Peter Popieniuck is a lucky sportsman. Not just in the fish and wildlife he has harvested, but in the adventures he’s enjoyed from Maine to Africa. His autobiography is timely, given the recent unfortunate incidents with big game hunters who killed African lions. For the record, Peter killed no lions.
Peter’s book, My Naked Safari – from Maine to Africa – Adventures of an Amateur Sportsman, published by North Country Press, is a very good read.
Peter’s story is of special interest to Mainers because many of his adventures were with Maine guides, and his favorite place on earth seems to be his camp on Lower Richardson Pond, just west of Rangeley. His hunting trip to Africa is certainly an amazing story, but I most enjoyed his trips to places I’ve been myself, most especially the Leaf River in northern Quebec.
The Leaf is my favorite place to fish for brook trout – with the exception of Maine, of course – but Peter was there to hunt Caribou with Carroll Ware, who with his wife Lila owns Fins and Furs Adventures in Skowhegan.
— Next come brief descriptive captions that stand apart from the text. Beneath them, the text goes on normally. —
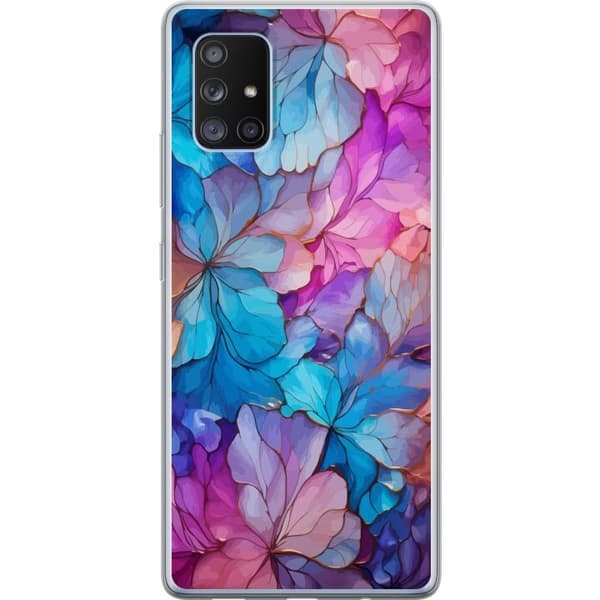 Mobilcover til Samsung Galaxy A71 5G med Magisk
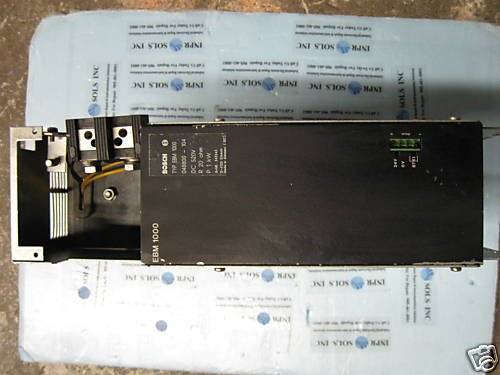 BOSCH-EBM-1000-048800-104-Dc-520-V-P-1KW-BOSCH-EBM1000-161769532577 BOSCH EBM 1000 048800-104 Dc 520 V P 1KW BOSCH EBM1000 - Image 1
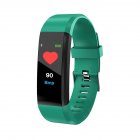 115 Plus Color Screen Smart Watch Green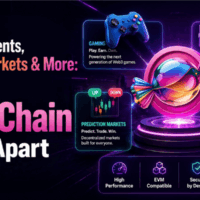 Gaming, Payments, Prediction Markets & More: Why CandyChain Stands Apart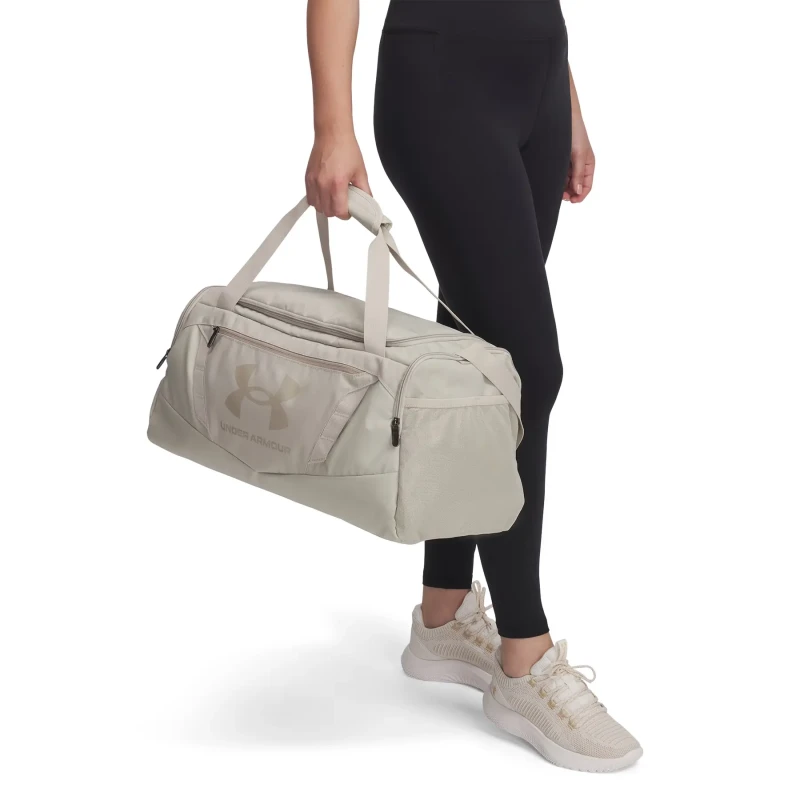 Image of Sports Bag Under Armour Undeniable 5.0 (S) Beige Unisex TU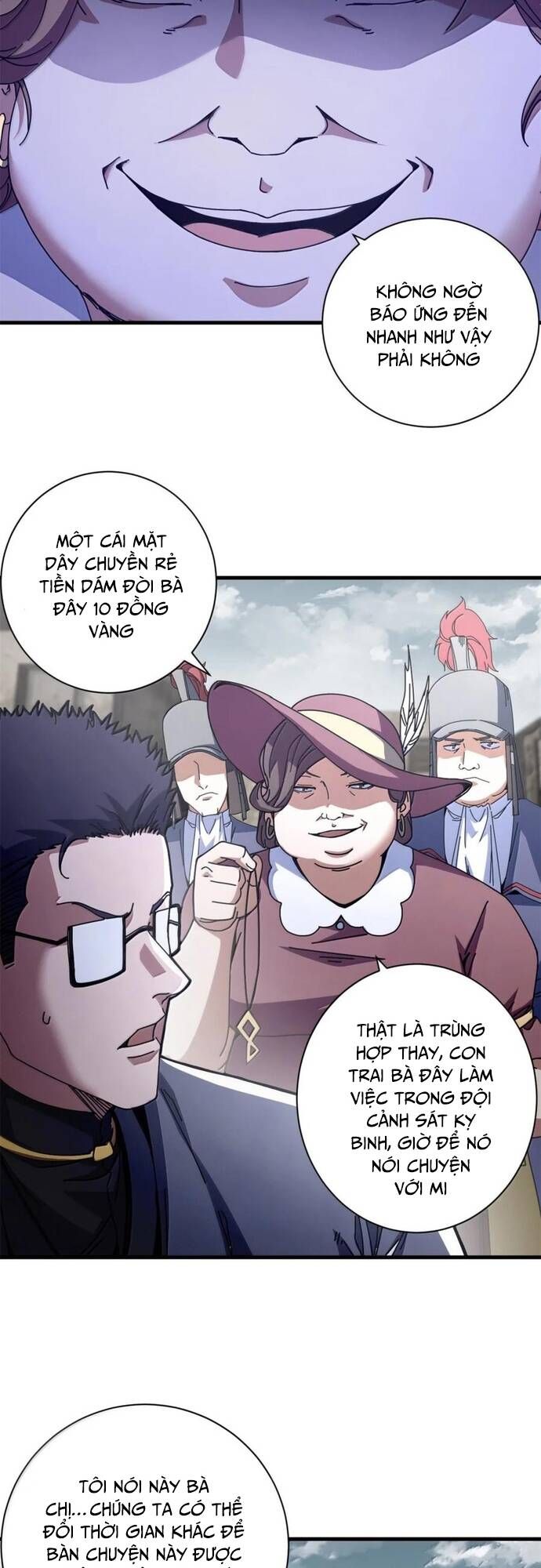 đọc truyện Trưởng Giám Ngục Trông Coi Các Ma Nữ Chương 100 ảnh 4 tại Thiên Thai Truyện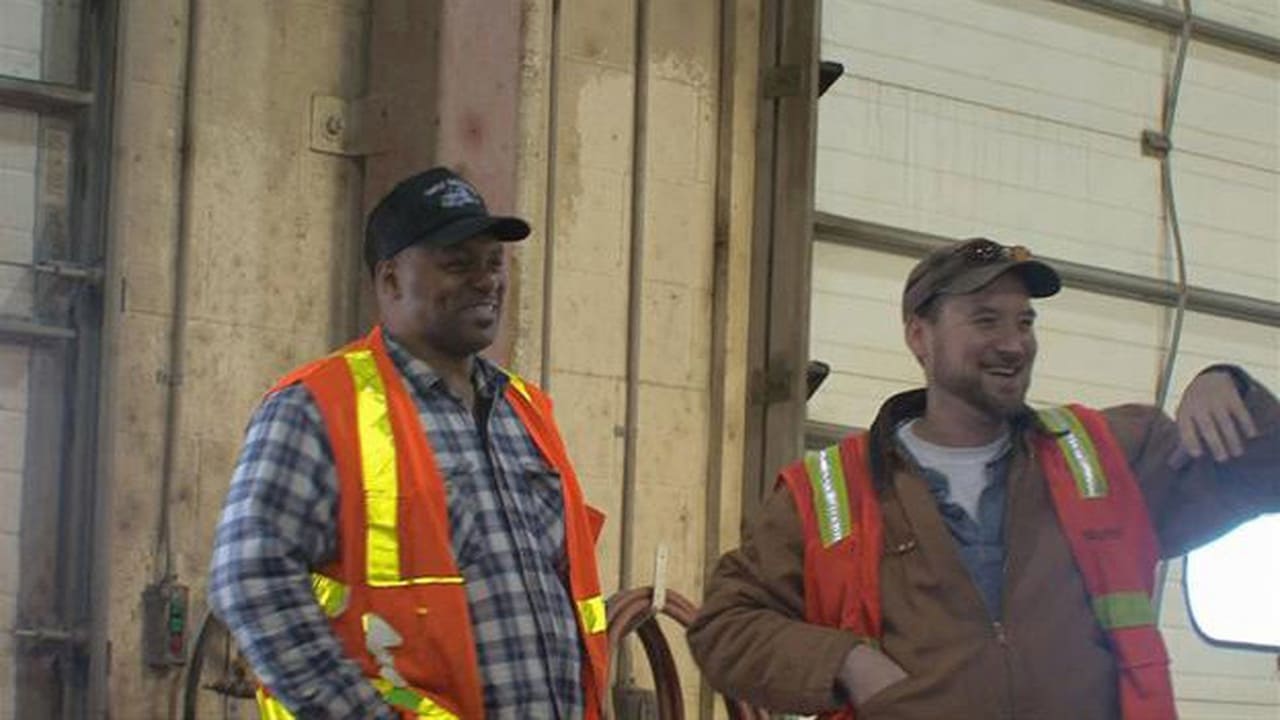 Ice Road Truckers - Season 4 Episode 8 : Lisa's Monster Megahaul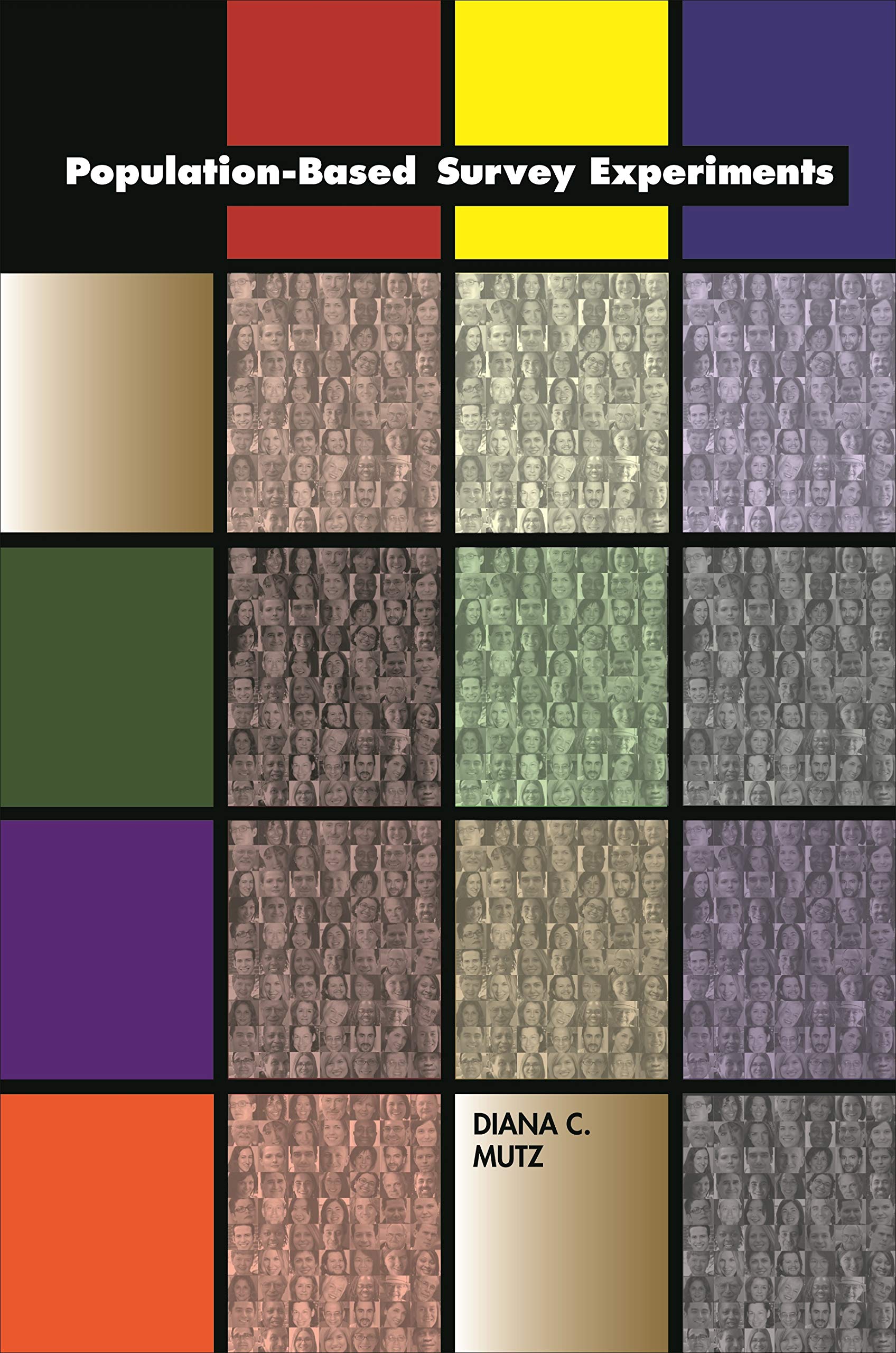 PopulationBased Survey Experiments,Used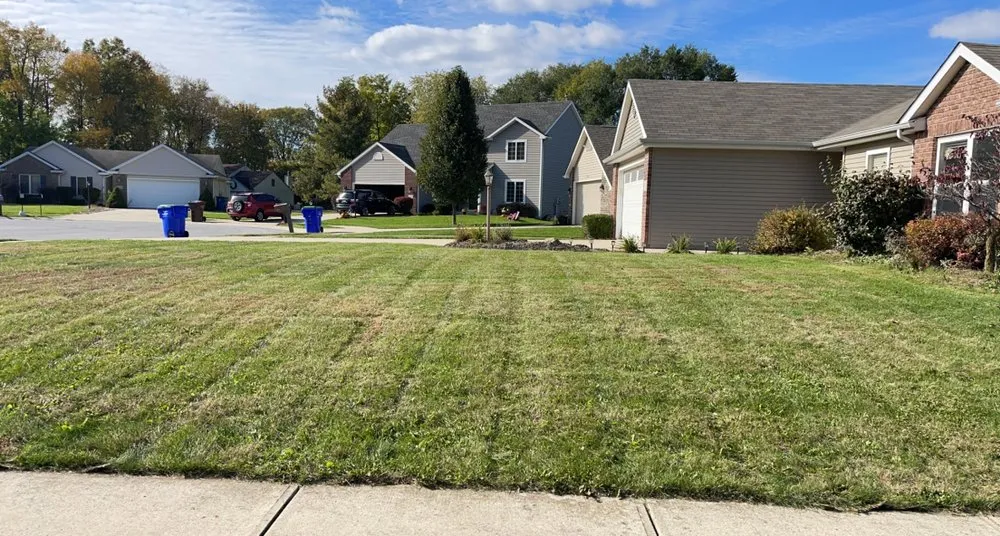 Local landscape design in Fort Wayne, IN - Kumfer’s Lawn Care Service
I have been blessed to have visited Alain Tardiff’s Leaf River Lodge three times, twice with my friend Harry Vanderweide to tape episodes of Harry’s TV show. While I didn’t hunt Caribou, I did see thousands of them on my trips there, and Peter’s stories, including the wolf behind his camp, could have been my own.
Much of Peter’s deer hunting was done with Dan Davis of Corinna, who works for Northern Outdoors in The Forks, where Peter and his wife Molly loved to stay, as do Linda and I. My stories connect with Peter’s here at Northern Outdoors, because I know Dan and have written about him, and Kyle Hockmeyer, the son of Susie Hockmeyer, one of the owners of Northern Outdoors, was the camera man on one of my trips to the Leaf River with Harry. Small world!
Jim and Lori Geib of New Frontier Taxidermy in Solon preserved many of Peter’s animals, including some that he found killed alongside the road. You’ll laugh when you hear about Eddie, the Fisher.
This is most definitely not the traditional “I am the greatest hunter in the world” autobiography. In fact, while Peter enjoyed plenty of success, he also chronicles his many mistakes, missed shots, falls and foibles, with a great sense of humor and respect for our favorite sports. Take this explanation of deer hunting: “In the end, the measure of success or failure of a deer hunt isn’t measured in inches of antler or field-dressed pounds of venison. It’s judged by the smiles on faces, laughter that reaches an aching point, and the unselfish hospitality and generosity of friends.” Boy, did he get that right.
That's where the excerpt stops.